◆ What is required ◆
Drop every picture, then transcribe the remaining data exactly.

◆ Material for this task ◆
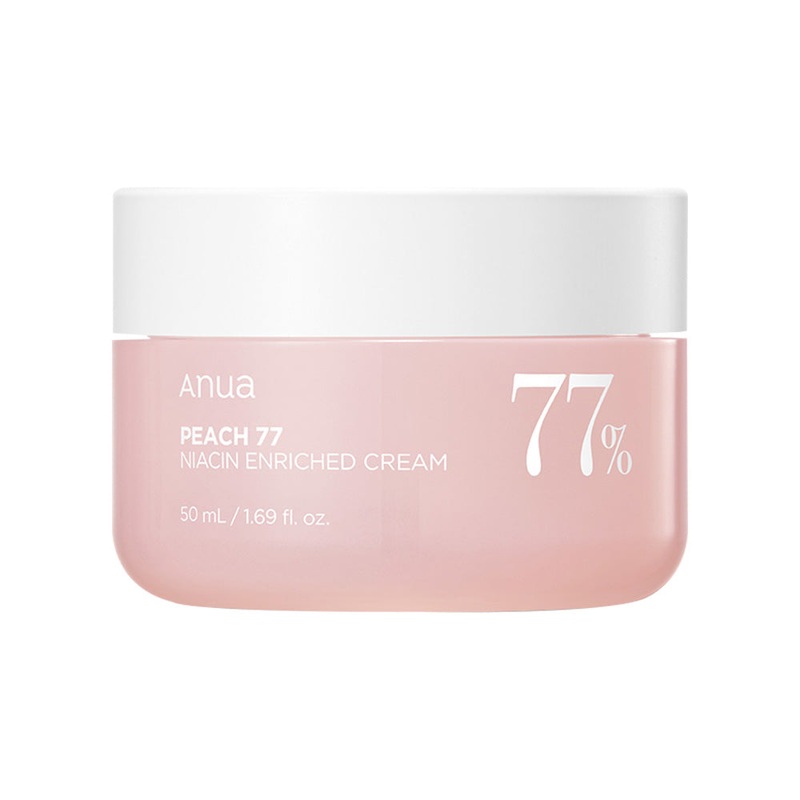 Anua Peach 77 Niacin Enriched Cream 50ml 50ml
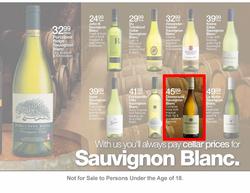 Checkers Western Cape : Wine Route (21 May - 8 July), page 9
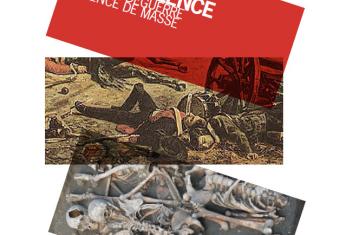 Archéologie de la violence - violence de guerre, violence de masse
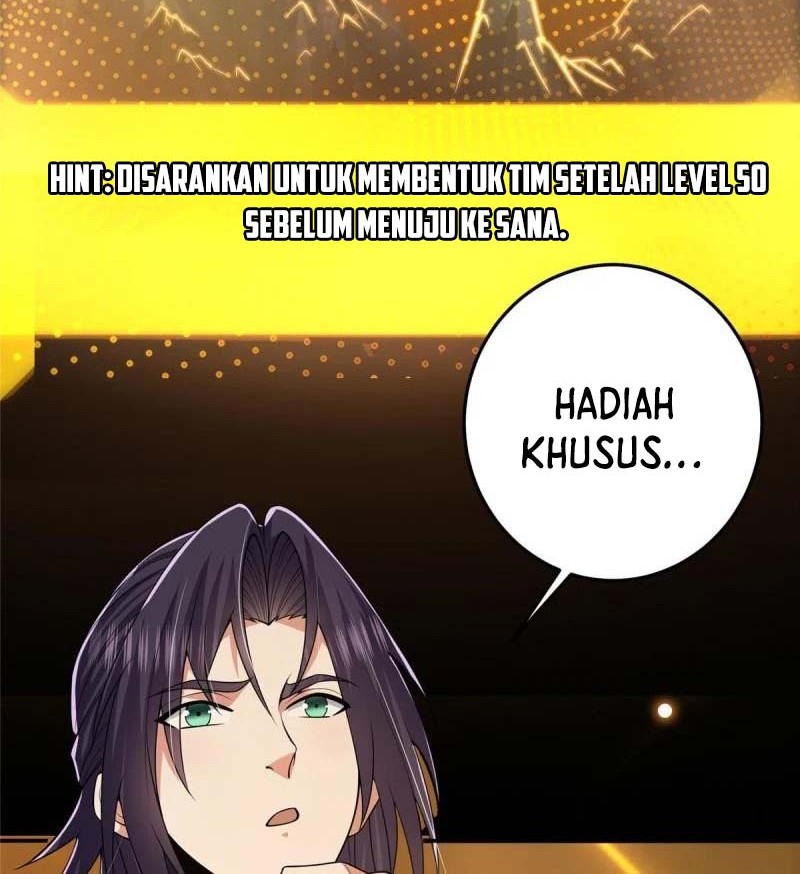 Keep A Low Profile, Sect Leader Chapter 165 Gambar 25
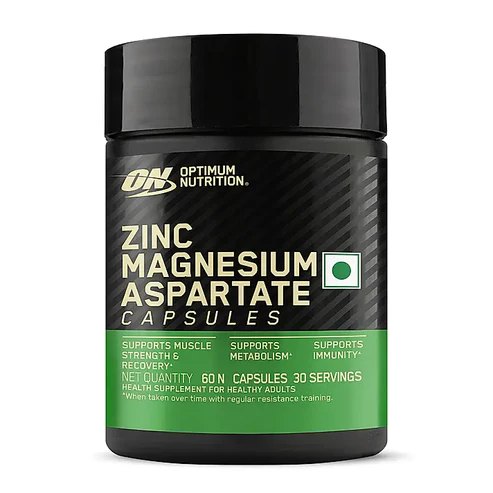 Optimum Nutrition Zinc Magnesium Aspartate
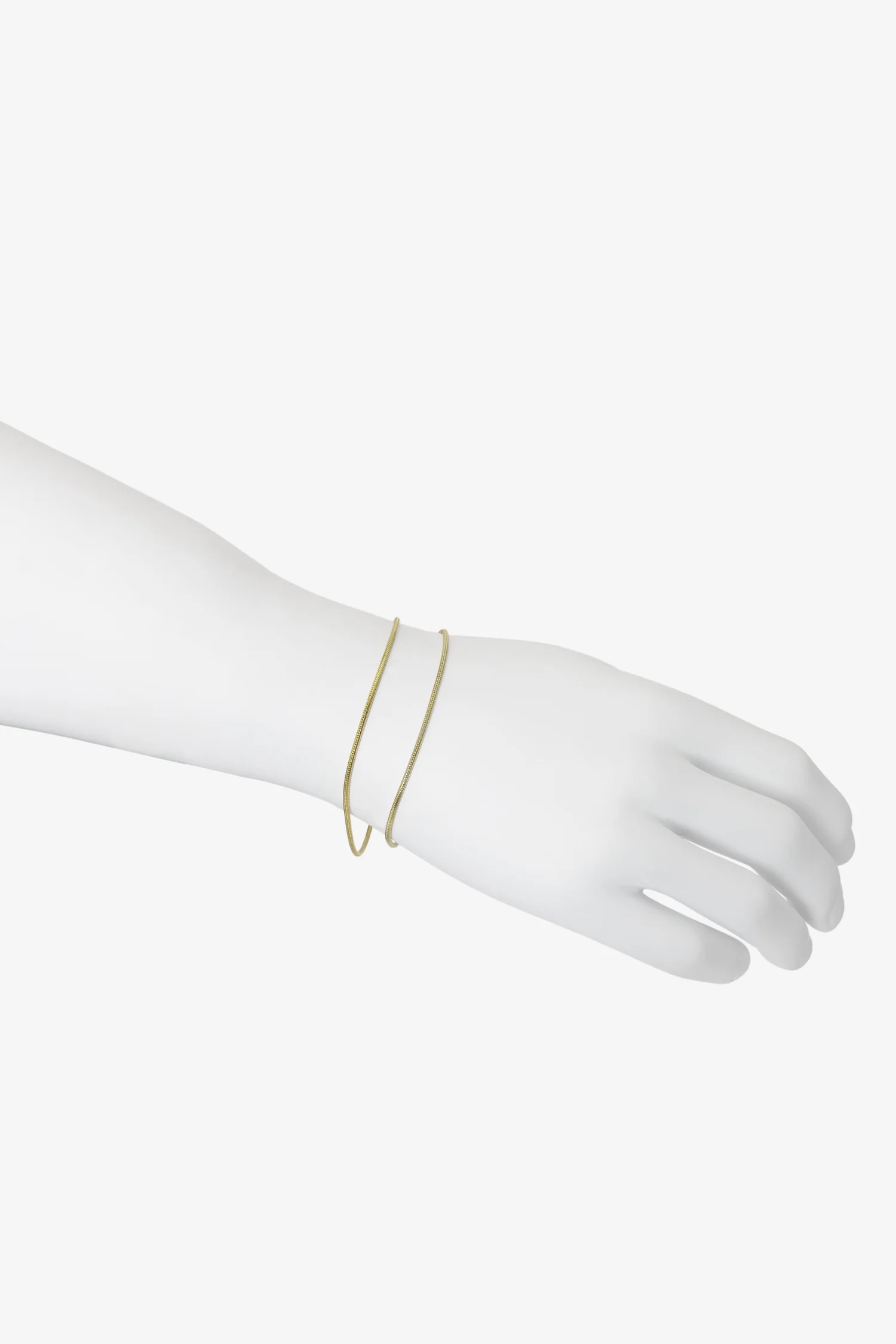 JWLUNIBR - Unisex Snake Chain Bracelet - Image 4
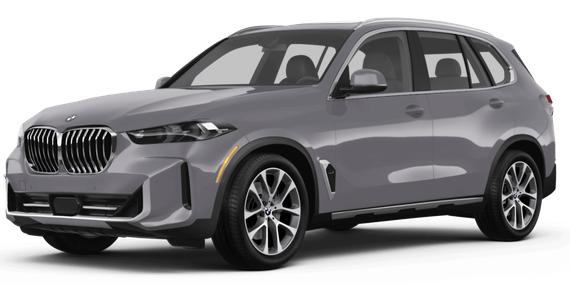 BMW X5 2025 5UX23EU05S9W38104 image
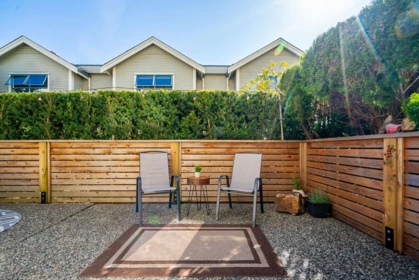 Backyard Photo of 11 229 E 8th Street, North Vancouver, BC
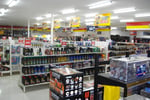 $225,000 NET, auto parts & accessories.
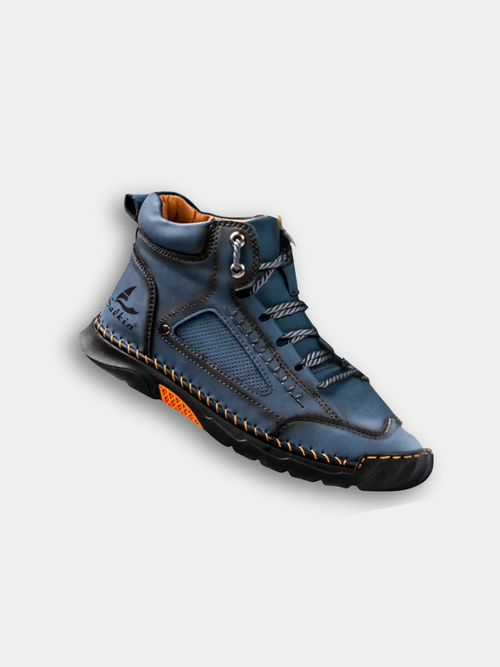 Helvano | Elegante Lederstiefel für Herren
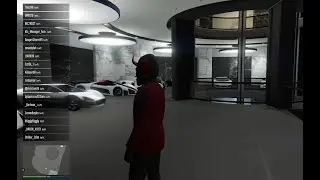 GTA Online Lobby Clearing Tool (PC)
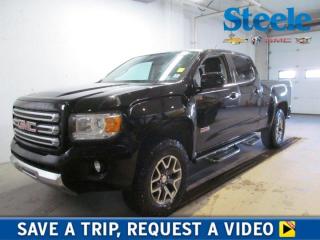 Used 2016 GMC Canyon 4WD SLE for sale in Dartmouth, NS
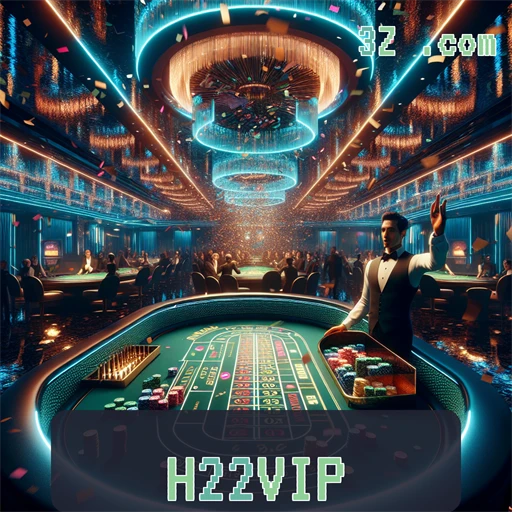 Jogos Incríveis: Venha Conhecer o H22VIP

◆ Reply ◆
 Anua Peach 77 Niacin Enriched Cream 50ml 50ml
 Checkers Western Cape : Wine Route (21 May - 8 July), page 9
 Archéologie de la violence - violence de guerre, violence de masse
 Keep A Low Profile, Sect Leader Chapter 165 Gambar 25
 Optimum Nutrition Zinc Magnesium Aspartate
 JWLUNIBR - Unisex Snake Chain Bracelet - Image 4
 BMW X5 2025 5UX23EU05S9W38104 image
 Backyard Photo of 11 229 E 8th Street, North Vancouver, BC
 $225,000 NET, auto parts & accessories.
 Helvano | Elegante Lederstiefel für Herren
 GTA Online Lobby Clearing Tool (PC)
 Used 2016 GMC Canyon 4WD SLE for sale in Dartmouth, NS
 Jogos Incríveis: Venha Conhecer o H22VIP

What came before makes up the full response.